All the more reason why we must make greater and greater efforts to garner the committed and continuous support of that proportion of the electorate which actually shares our core beliefs:
* the greatest measure of individual freedom compatible with the freedom of others;
* a fairer distribution of income and wealth;
* concern for the poor and marginalised;
* enthusiasm for Europe;
* enjoying the diversity of a multicultural society;
* support for international law and institutions, especially the ECHR and UN;
* commitment to the preservation of civil liberties and the protection of human rights;
* determination to share some of our wealth to promote the development of the Third World;
* devolution of powers to the nations of Britain and the regions of England;
* refining our democratic processes, not least proportional representation by single transferable vote in multi-member consistences;
* industrial democracy and profit sharing;
* working for fair trade as well as free trade;
* and the use of the government's powers to maintain full employment, eliminate squalor, conquer ignorance, maintain health and remove want. (To those not steeped in our history, these are the Five Giants Beveridge set out to destroy.)

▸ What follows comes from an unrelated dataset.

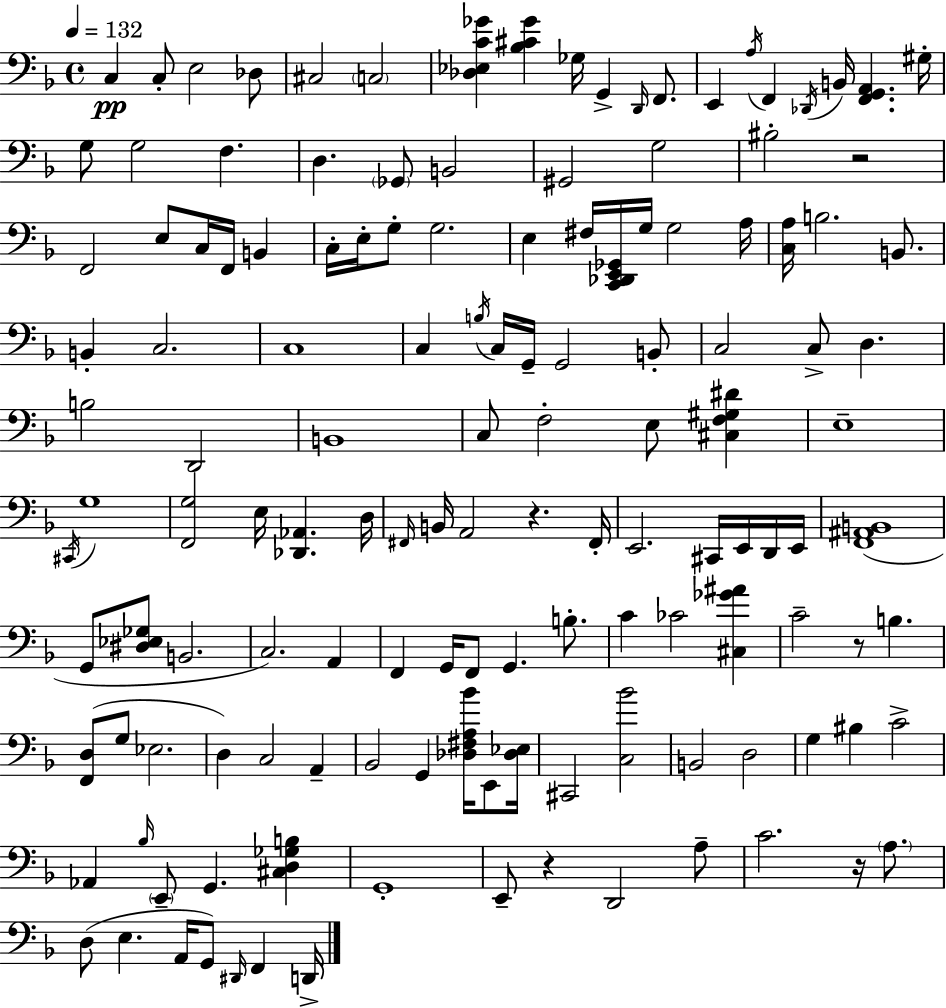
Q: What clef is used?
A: bass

In the next four weeks households throughout the country will be flooded with Focus leaflets telling them that our Liberal Democrat councillors and candidates work hard "all the year round" and are "winning here." Great stuff, but we also need to tell them why, as well as caring for the quality of the pavements, we, at our core, are Liberal Democrats.

1 comment:

  1. Larry Elliott concludes his "Economics " article in yesterday's Guardian (02/04/12) with the following:

    "The coalition's policy for the regions is some enterprise zones, High Speed Rail 2 and some rebalancing triggered by a cheaper pound. This won't do the trick. A more aggressive approach would be to pump demand into the regions, through public procurement, job subsidies and infrastructure spending. This probably won't do the trick either...

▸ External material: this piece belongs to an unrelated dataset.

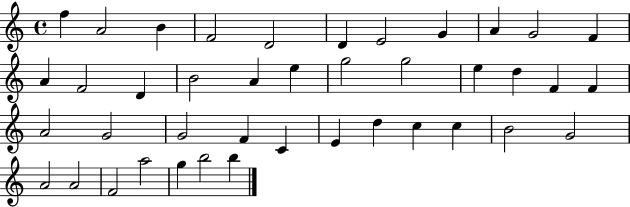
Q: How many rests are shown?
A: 0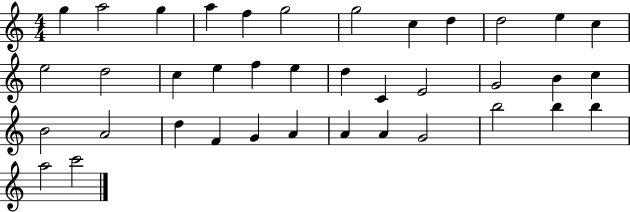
G5/q A5/h G5/q A5/q F5/q G5/h G5/h C5/q D5/q D5/h E5/q C5/q E5/h D5/h C5/q E5/q F5/q E5/q D5/q C4/q E4/h G4/h B4/q C5/q B4/h A4/h D5/q F4/q G4/q A4/q A4/q A4/q G4/h B5/h B5/q B5/q A5/h C6/h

    The real problem is that Britain is the most centralised country in the Western World. London is the nation's economic, political and cultural centre of gravity. This concentration of power has become more and more pronounced. Break that stranglehold and there is a chance that real local democracy could deliver innovative solutions: regional currencies, green new deals, the use of pension funds to build houses, for example."

    All of that could have come from the Liberal/Liberal Democrat manifestos of my lifetime. If our leaders had been shouting it from the rooftops, and we had been campaigning regularly on these themes in Bradford West, we might not have lost our deposit, and we might have attracted some like-minded activists to build for the future.